Task objective: Please repeat the whole listing exactly, but leave the pictures out.

[Data supplied Boundary: Start]

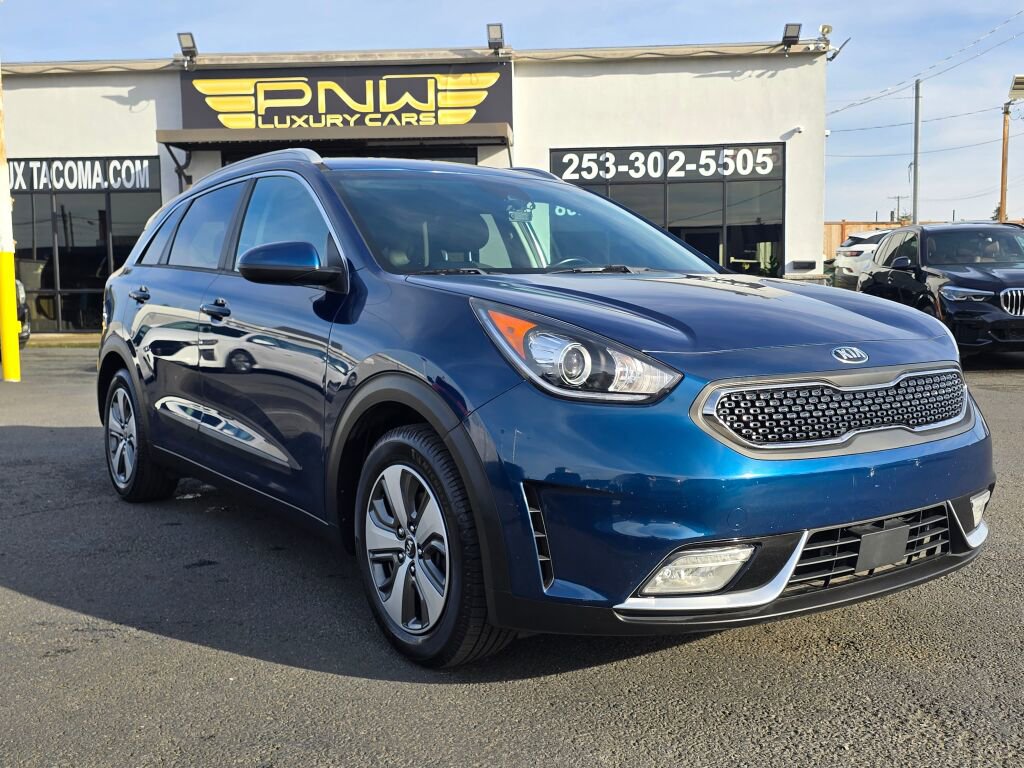 Used 2019 Kia Niro LX image 4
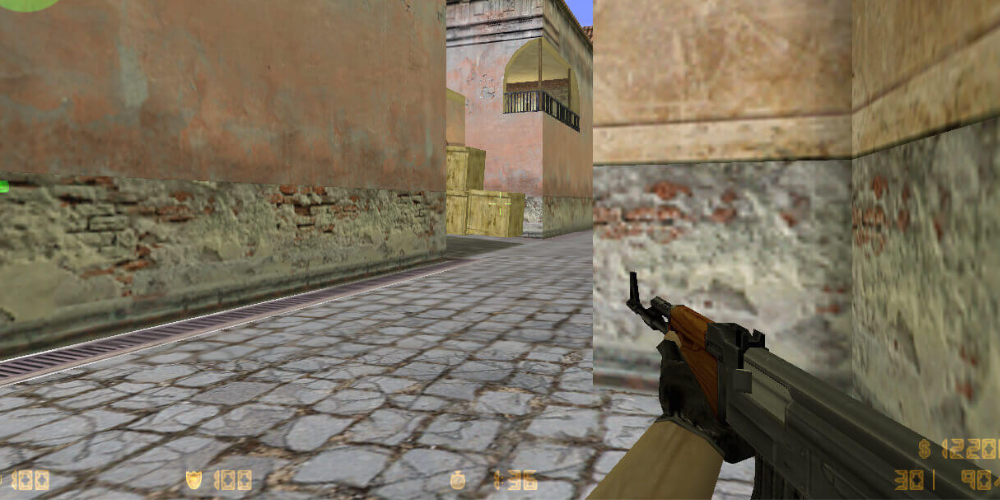 Counter-Strike (1999) game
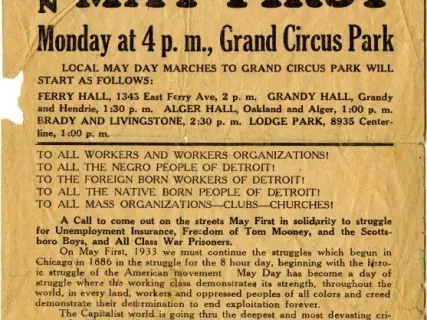 Flyer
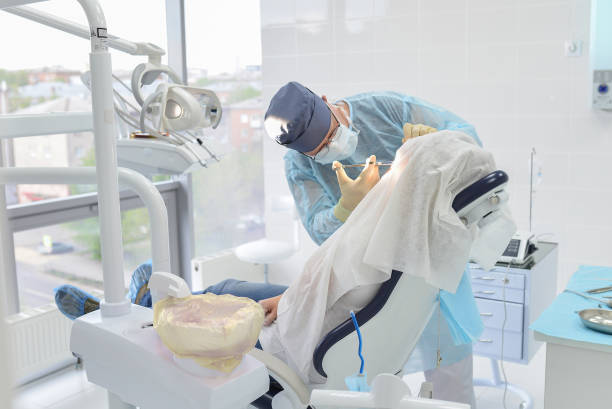 Best Cracked Tooth Emergency Dentist  in Charlottesville, VA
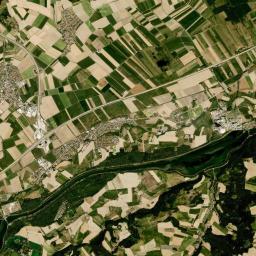 Essenbach Satellite Map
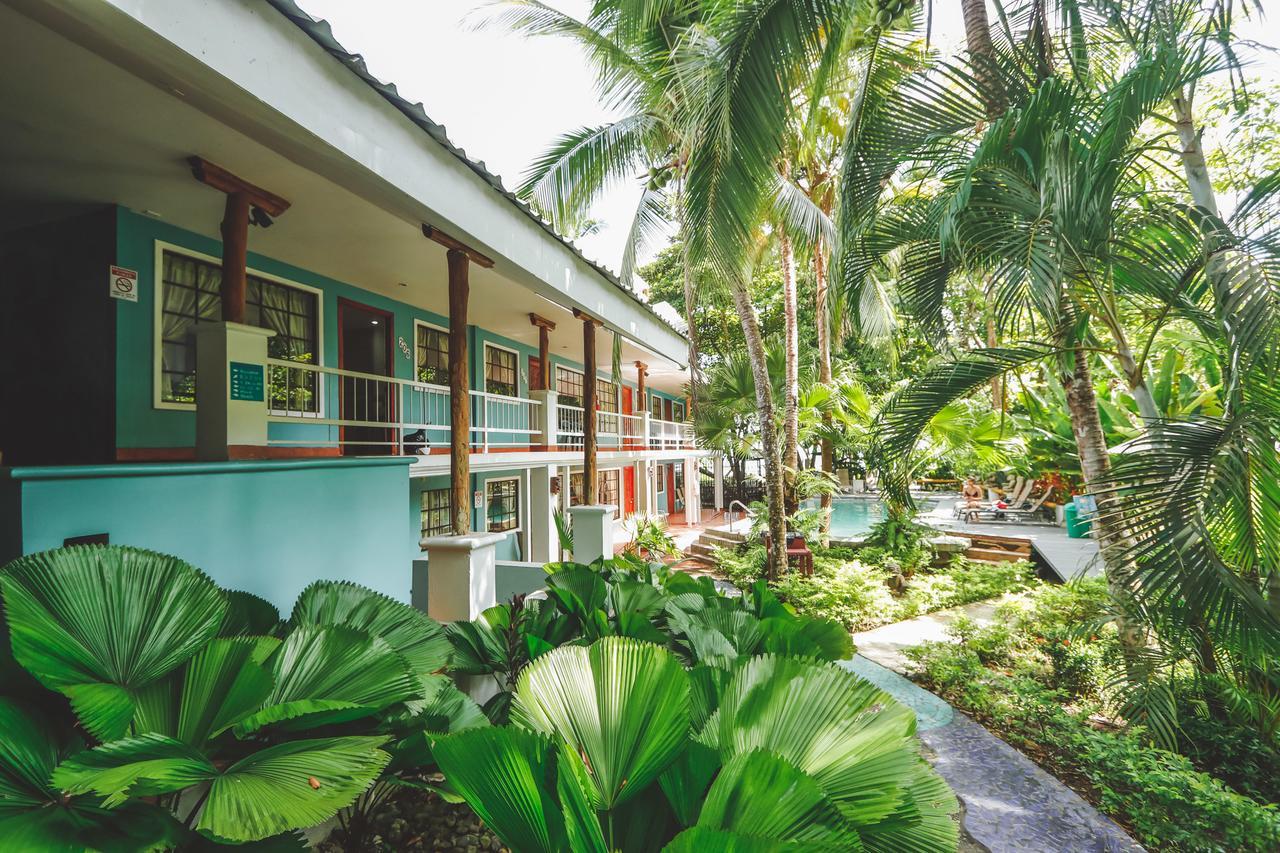 Oceanfront Hotel Verde Mar Direct Access To The Beach Manuel Antonio Εξωτερικό φωτογραφία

[Data supplied Boundary: End]

Answer box:
 Used 2019 Kia Niro LX image 4
 Counter-Strike (1999) game
 Flyer
 Best Cracked Tooth Emergency Dentist  in Charlottesville, VA
 Essenbach Satellite Map
 Oceanfront Hotel Verde Mar Direct Access To The Beach Manuel Antonio Εξωτερικό φωτογραφία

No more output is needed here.